* **Exercise directions**: Without including any images, output the listing below exactly.

* **Information supplied**:
================

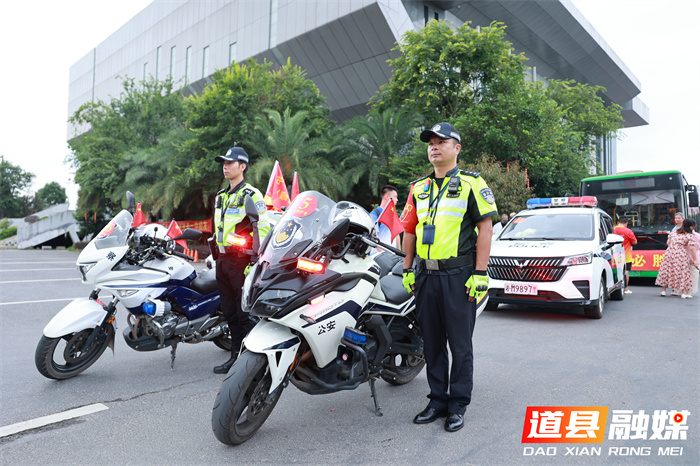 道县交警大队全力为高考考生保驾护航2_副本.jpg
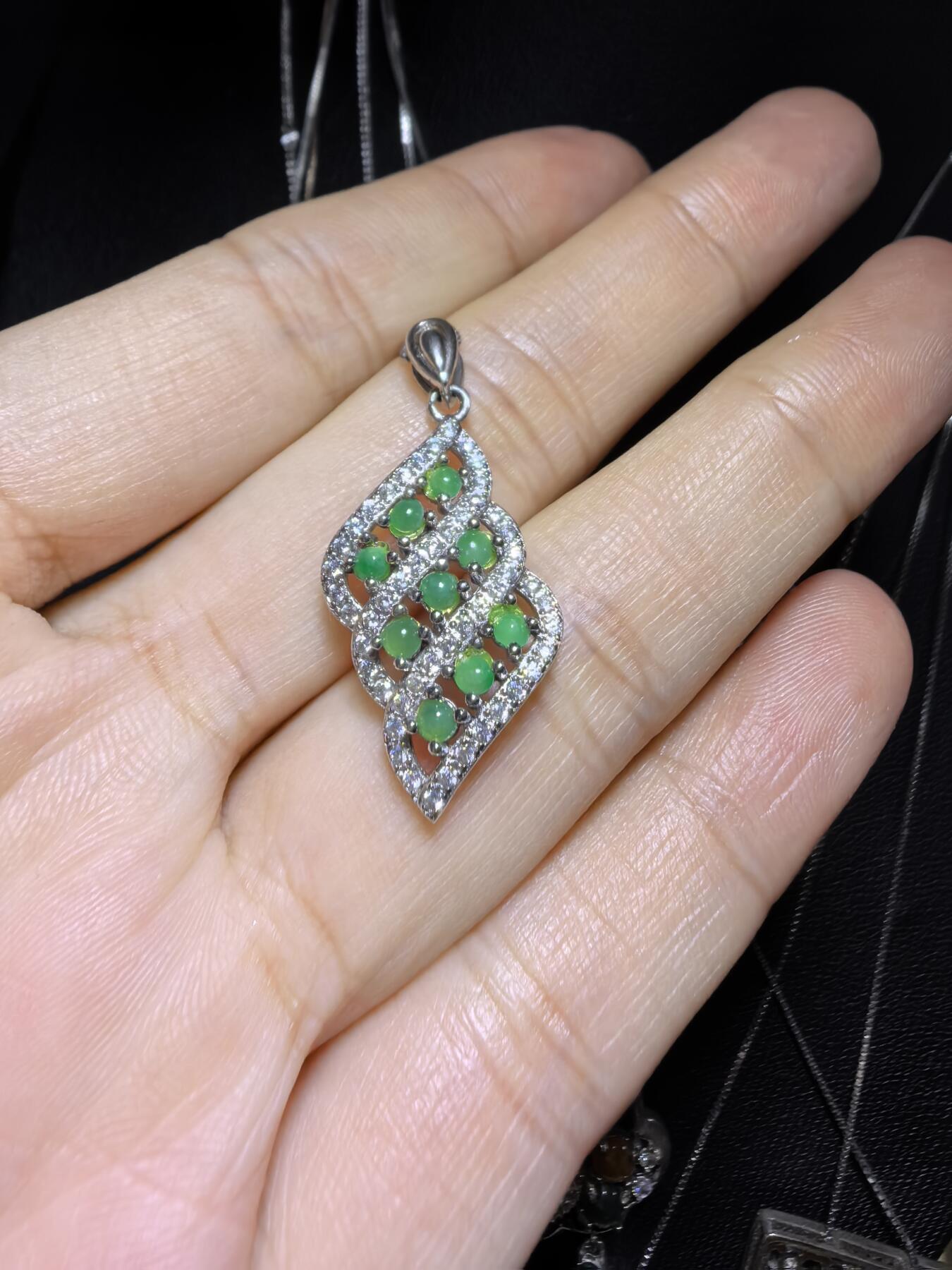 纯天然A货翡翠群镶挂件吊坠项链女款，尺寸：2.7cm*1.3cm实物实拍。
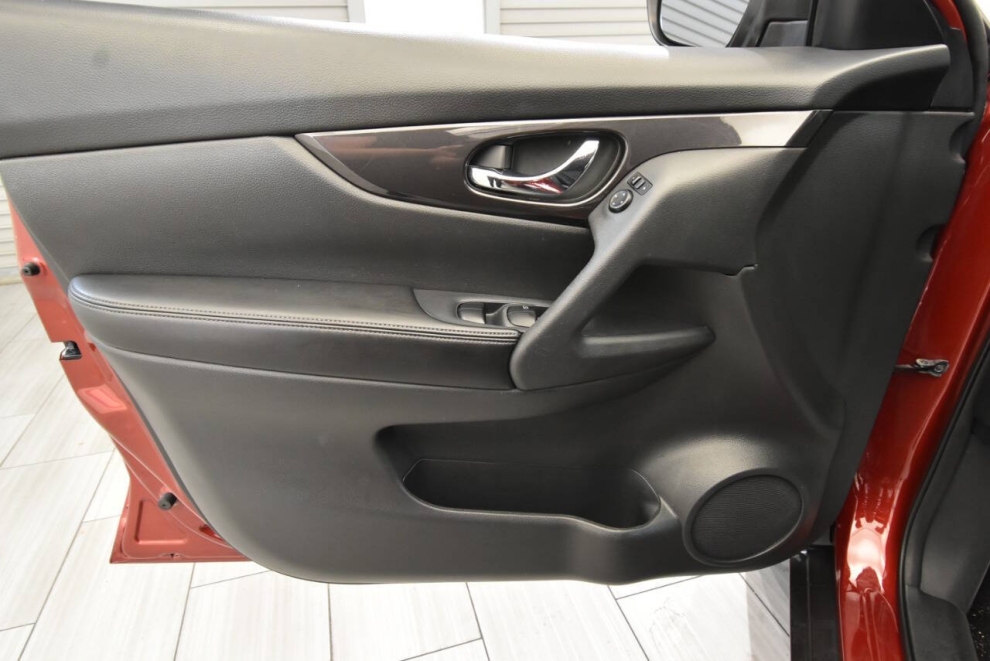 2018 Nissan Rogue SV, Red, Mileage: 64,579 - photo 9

================

* **Written reply**:
 道县交警大队全力为高考考生保驾护航2_副本.jpg
 纯天然A货翡翠群镶挂件吊坠项链女款，尺寸：2.7cm*1.3cm实物实拍。
 2018 Nissan Rogue SV, Red, Mileage: 64,579 - photo 9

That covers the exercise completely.